News on the trade war front shows little sign of improvement at this stage, with reports that a US-China trade deal is now “stalled” due to the Hong Kong legislation passed by President Trump last week as well as reports that China wants a roll back in previous tariffs before any deal can be signed.  Nonetheless, while a ‘Phase 1’ trade deal by year end is increasingly moving out of the picture, markets appear to be sanguine about it, with risk assets shrugging off trade doubts for now.  Whether the good mood can continue will depend on a slate of data releases over the days ahead.

Following China’s PMIs, the US November ISM manufacturing survey will be released later today.  US manufacturing sentiment has come under growing pressure even as other sectors of the economy have shown resilience.  Another below 50 (contractionary) outcome is likely.  The other key release in the US this week is the November jobs report, for which the consensus is looking for a 188k increase in jobs, unemployment rate remaining at 3.6% and average earnings rising by 0.3% m/m. Such an outcome will be greeted positively by markets, likely extending the positive drum beat for equities and risk assets into next week.

There are also several central bank decisions worth highlighting this week including in Australia, Canada and India.  Both the Reserve Bank of Australia (RBA) and Bank of Canada (BoC) are likely to keep monetary policy unchanged, while the Reserve Bank of India (RBI) is likely to cut its policy rate by 25bps to combat a worsening growth outlook.  Indeed, Q3 GDP data released last week revealed the sixth sequential weakening in India’s growth rate, with growth coming in at a relatively weak 4.5% y/y.

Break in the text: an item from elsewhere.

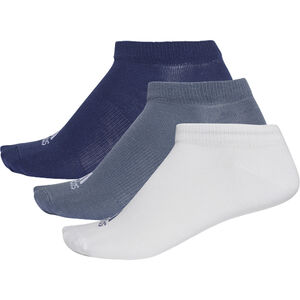 Sneakersocken Performance Thin, blau/weiß, 31-34, , zoom bei Karstadt Sports Online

Despite a recent food price induced spike in inflation the RBI is likely to focus on the weaker growth trajectory in cutting rates.

A Lot Of Moving Parts

There are lot of moving parts driving market sentiment at present.  US economic news has helped to buoy markets this week after US Q3 GDP was revised higher in its second estimate, to 2.1% q/q while October durable goods orders came in stronger than expected.  However, the news that President Trump signed the Hong Kong Human Rights and Democracy Act after almost unanimous passage in Congress, has fueled some cautious.  Investors now await any retaliation from China and whether the Bill will get in the way of a Phase 1 trade deal.

On the trade front both the US and Chinese governments have said that there are closing in on a Phase 1 deal but as yet there has been no confirmation, with less and less time to agree a deal before the end of the year and more importantly before the next phase of tariffs kicks in on December 15.  One sticking point between the two sides appears to be what extent will the US administration roll back tariffs, with China likely wanting not only the tariffs scheduled to be implemented in mid-December to be rolled back but also the ones implemented in August.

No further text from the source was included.